Bien que sa performance soit difficile à mesurer précisément, le dispositif Pinel semble avoir eu un réel effet volume. Très peu utilisée dans le cadre de la rénovation de biens immobiliers, l’aide fiscale à l’investissement locatif Pinel a majoritairement concerné les logements acquis en vente en l’état futur d’achèvement (VEFA). Elle a ainsi largement contribué au déclenchement d’opérations immobilières qui n’auraient pu, ou moins rapidement, aboutir sans cette orientation de l’épargne des particuliers.
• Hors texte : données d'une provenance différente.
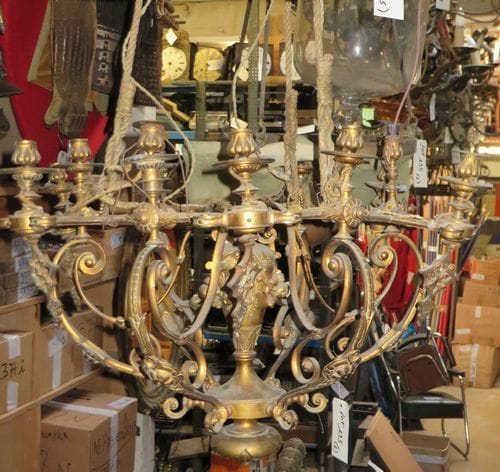 Lot de 5 lustres : 1 grand lustre à décor de volutes à 12 lumières et vase central orné d'une guirlande de fleurs en métal doré, 2 lustres en bois, 2 lustres en métal.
Par ailleurs, la contrepartie de près de 40 ans d’incitation fiscale à l’investissement locatif a créé une forme de dépendance des promoteurs-constructeurs à ces dispositifs.
La question du zonage
Un zonage progressivement resserré, encore perfectible, pour permettre une meilleure orientation de l’épargne des particuliers vers les zones les plus tendues
Pour mieux cibler les territoires dans lesquels les besoins de logement sont les plus significatifs, le dispositif Pinel a peu à peu été recentré sur les zones les plus tendues (Abis, A et B1), où le déséquilibre entre l’offre et la demande de logements est le plus marqué. Toutefois, ce zonage, de niveau communal, ne permet pas de répondre finement aux besoins locaux de logements intermédiaires. En effet, sans connaissance de la décision finale des propriétaires investisseurs de recourir ou non au dispositif Pinel, les collectivités, pourtant chargées de concevoir la stratégie de programmation de l’habitation, ne sont pas en mesure d’identifier si les logements revêtiront in fine un caractère intermédiaire. Pour pallier cette difficulté et mieux cibler les territoires en tension, une expérimentation d’un zonage resserré est menée en Bretagne depuis 2020. Bien qu'elle ait encouragé la densification et la rénovation de l’habitat en centre-ville tout en limitant l'expansion urbaine en périphérie, cette approche n’est pas exempte de critiques : ouverture du dispositif dans les zones B2 et C (les moins tendues), défaut de lisibilité de ce nouveau zonage (par définition temporaire), etc..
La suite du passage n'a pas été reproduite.